I likewise don't understand how "altruism" in sentient beings is different
from an instinct of cooperation, compromise, etc., nor why in sentient
beings we must ascribe such altruism to a higher power.
> God acts in the world through His people. If I as a Christian give to a
> charity, then that charity has been blessed by God (through me).
If you as a Christian, in a fit of pique, cut someone off in traffic, is
that discourtesy likewise God's doing? Or does God only get props for good
deeds? (that's rhetorical; I know the answer.)
> I do good things because I am actively called to do good things, not because
> of some altruistic impulse (although I am not sure of the origin of such
> impulses in atheists-- perhaps they are from God?)
This comes back to the notion of a non-Christian's pursuing ideals which
parallel Christian ideals--are they still "good?"
> > I flatly reject the notion that we are doomed to doom ourselves.
>
> Me, too. I was speaking hypothetically as if there weren't a God.

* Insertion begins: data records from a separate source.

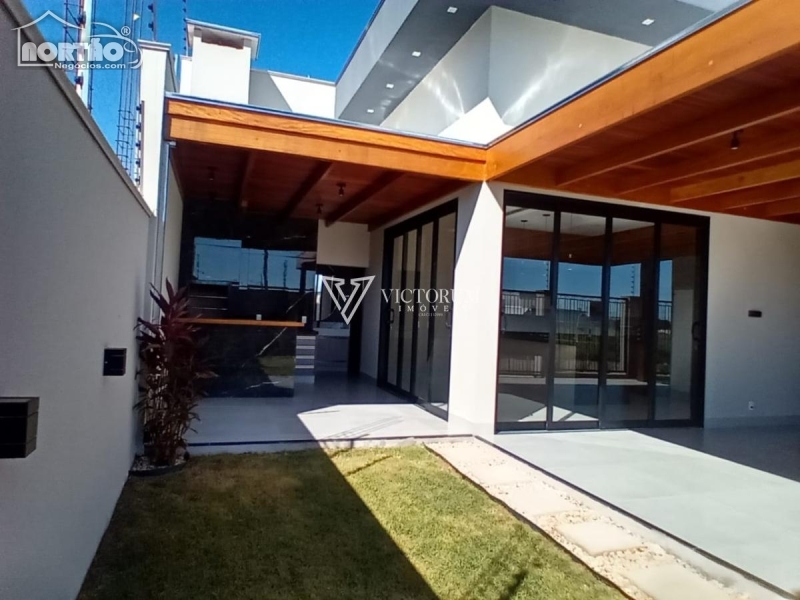 CASA A VENDA NO JARDIM CURITIBA EM SINOP/MT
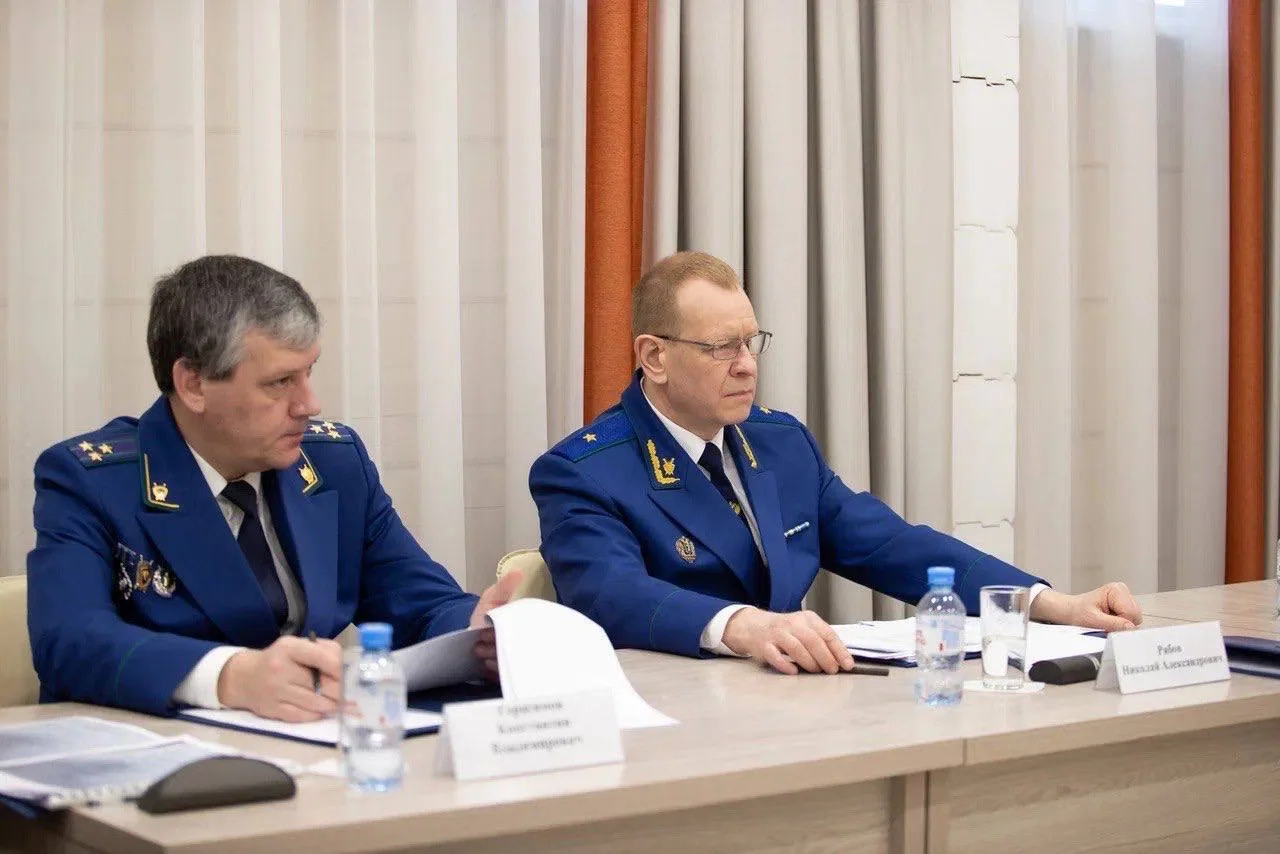 Совместно с заместителем Генерального прокурора Российской Федерации Сергеем Зайцевым, губернатором 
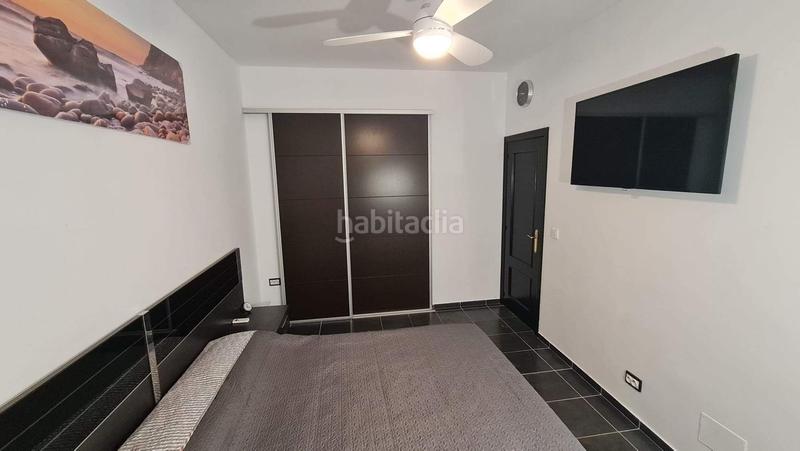 Foto 02e09c1f-d37a-41a6-a59f-c24b0ffa0e10. Casa adossada a Vecindario - El Doctoral - Cruce de Sardina Santa Lucía de Tirajana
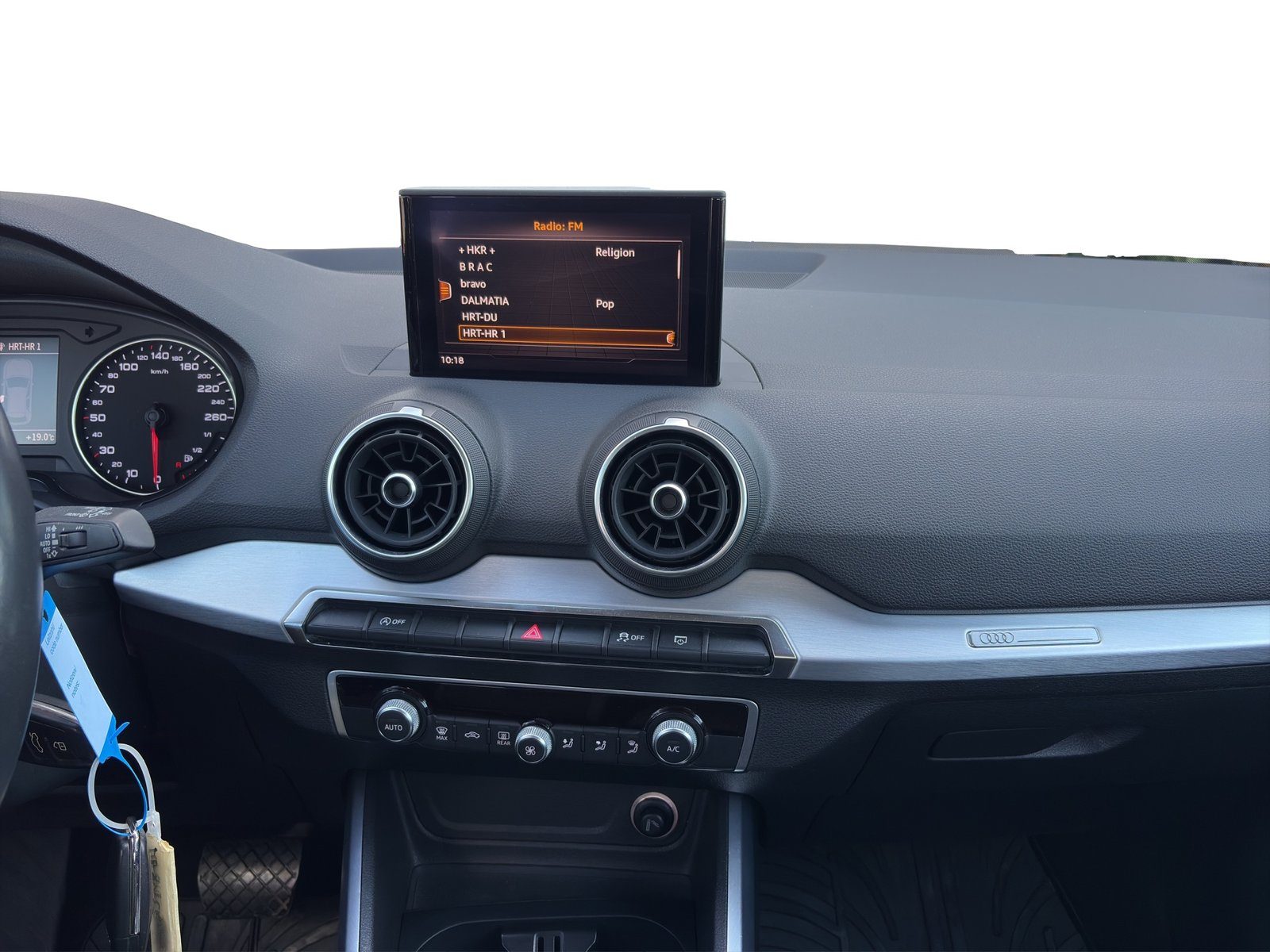 2017 Audi Q2 — fotografija 11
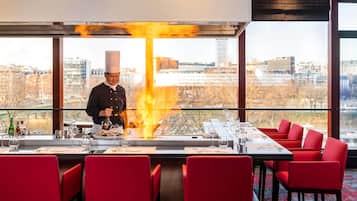 2 restaurants, breakfast, lunch, dinner served; French cuisine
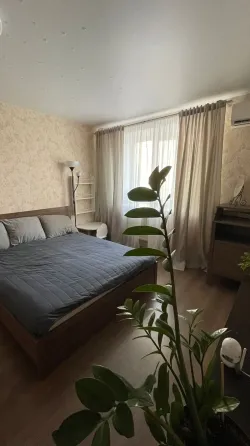 сдаю однокомнатную квартиру 43 м² этаж 2/5. город донецк, кировский район ориентир текстильщик Донецк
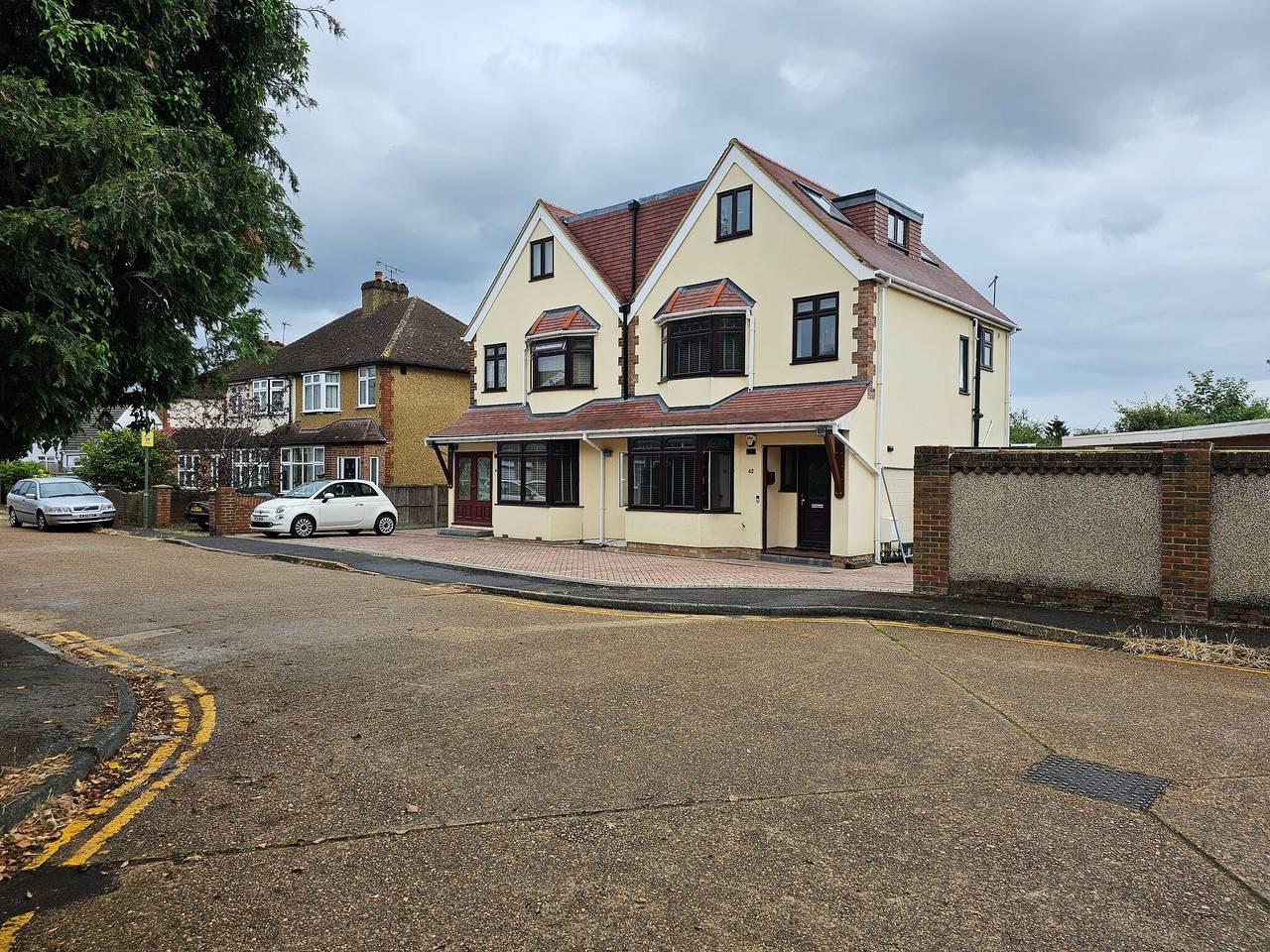 Serene 5-Bedroom House in Staines-upon-Thames with Garden in Thorpe Park, Surrey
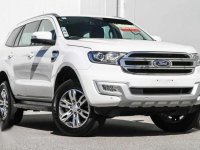 Ford Everest Titanium 4x2 AT. Sure Approval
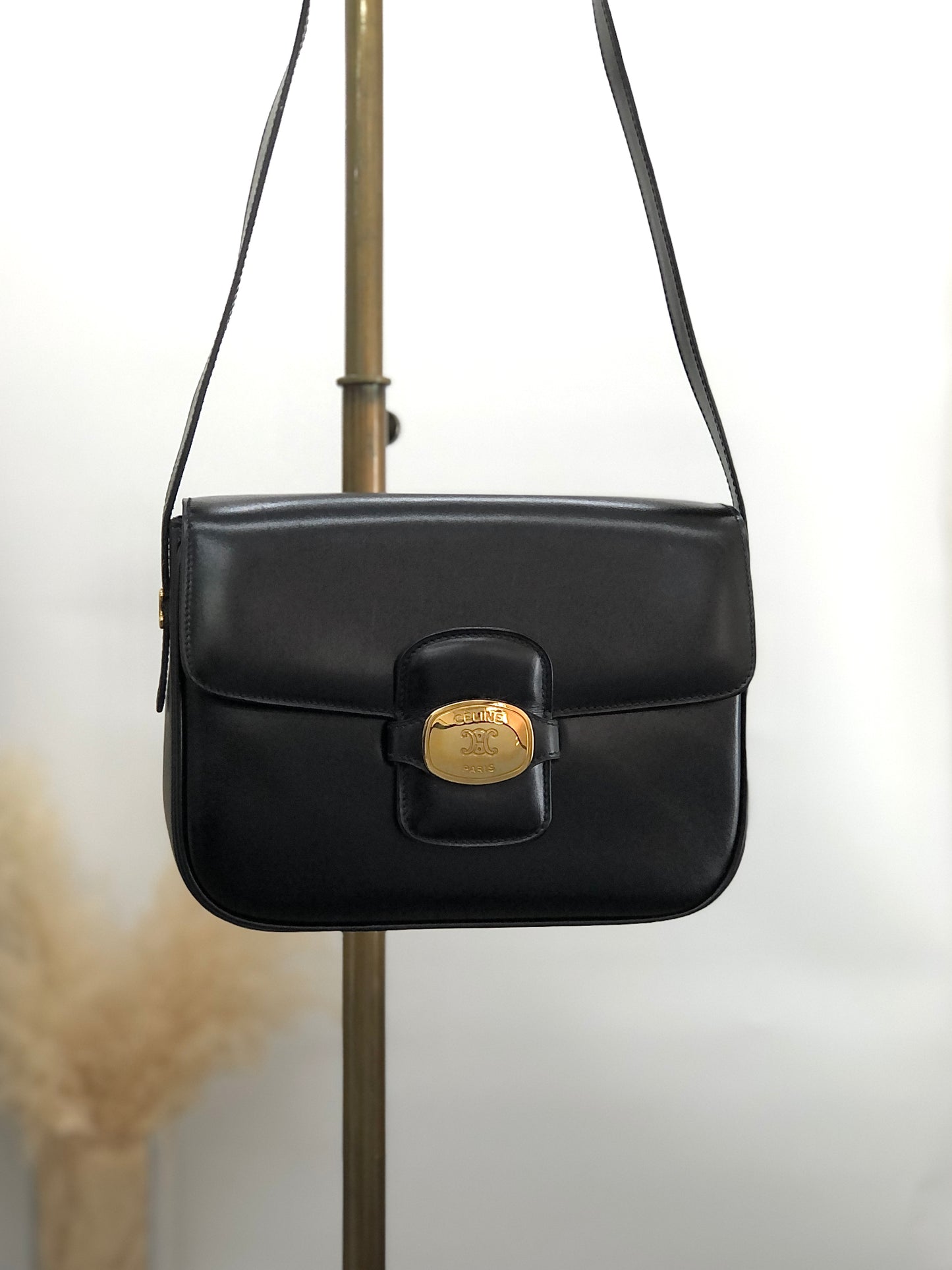 CELINE Triomphe Shoulder bag Black Vintage n24pjw
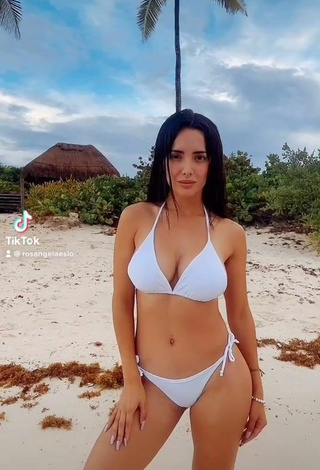 3. Impresionante Rosángela Espinoza Enseña Escote Con Bikini Blanco En La Playa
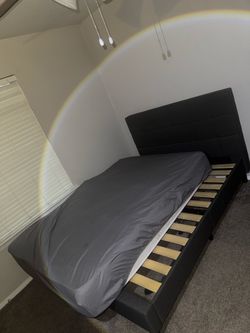 Twin bed and mattress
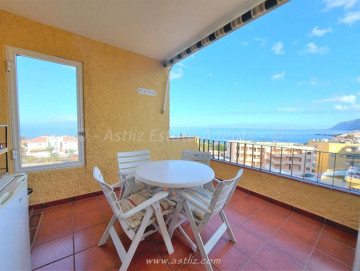 2 Bed  Flat / Apartment for Sale, Playa De La Arena, Santiago Del Teide, Tenerife - AZ-1306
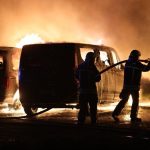 Mehrere Transporter einer Autovermietung abgefackelt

And I was speaking literally as if there weren't a God. With or without
Him, there is no evidence that we are self-dooming.
> Luckily, there is:-)
Next time you and I are out together you'll have to point Him out to me.
> I am not a doomsday predictor by any means. All I am asserting is that that
> would be the fate of a Godless society. Certainly cultures and societies in
> history have self-destructed because of moral decay.
This, too, is 20/20 hindsight and smacks of revisionism. Did Rome, for
instance, fall because of moral decay or because of longterm lead poisoning?
Did the Incas fall because of moral decay or because Pizarro had gunpowder
and European diseases? One could say (and I suspect that one has said and
will say again) that God acted through Pizarro or through the tainted lead,
a la Mysterious Ways, but that's pretty thin.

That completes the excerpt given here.